I assume the reason is that the sprintf function uses integers? 2147418112 seems suspiciously close to 2^31-1. Actually, 2^31-2147418112 is exactly 2^16. Because it updates the progress in steps of 2^16?

I can avoid this problem with verbose = F.

Is there a way to still get progress? (How) can I overwrite the progress function? I would use View(curl_upload) and copy the code, replace the progress with the following and use my own curl_upload2. Is there an alternative/better way to do this?
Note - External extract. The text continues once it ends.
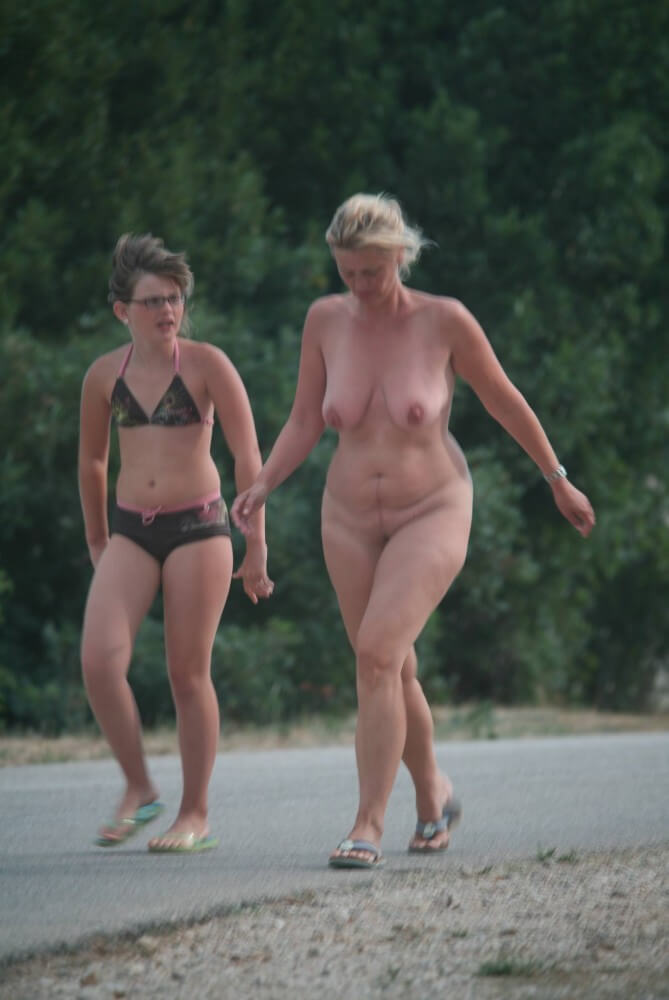 Cove FKK Visitor Grounds pics - Nudism promotes personal freedom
cat(sprintf("\rUploaded %d bytes...", total_bytes) # curl
cat(sprintf("\rUploaded %.0f bytes ...", total_bytes) # modified

Solution

  • The problem should be fixed with a decent version of curl, but as the question was how to overwrite the progress function without doing a copy & paste here's a solution using trace:

    1. First you need to find out where the cat sits in curl_upload. You can use as.list(body(curl_upload)) to get the proper indices. You may need to dive deeper into the nested structure in case the cat sits in a nested structure (like here), but some try and error should reveal that:

      as.list(body(curl_upload))[[6]][[3]][[4]]           ## the inner function
      as.list(body(curl_upload))[[6]][[3]][[4]][[3]][[4]] ## line before the verbose `if`
      

      gives you the correct positions.

    2. Now you can inject code which:

      1. Sets verbose locally to FALSE avoiding the original verbose line.
      2. Adds your own updated cat statement (I simply added the string [UPDATE] to show that indeed my cat statement is called and not the original one:
      library(curl)
      untrace(curl_upload)
      trace(curl_upload, quote({
               verbose <- FALSE
               if (length(buf) == 0 || identical(total_bytes, infilesize)) {
                   cat(sprintf("\r[UPDATE:] Uploaded %.0f bytes... all done!\n", 
                       total_bytes), file = stderr())
               } else {
                   cat(sprintf("\r[UPDATE:] Uploaded %.0f bytes...", total_bytes), 
                       file = stderr())
               }
            }), at = list(c(6, 3, 4, 3, 4)), print = FALSE)
      

    Et voilà.

    If you now try out curl_upload you will see that

    1. The original verbose messages are skipped.
    2. Your own messages are printed.
    fn <- tempfile(fileext = ".txt")
    cat("New Line\n\n", file = fn)
    res <- curl_upload(fn, "https://httpbin.org/put")
    # [UPDATE:] Uploaded 12 bytes... all done!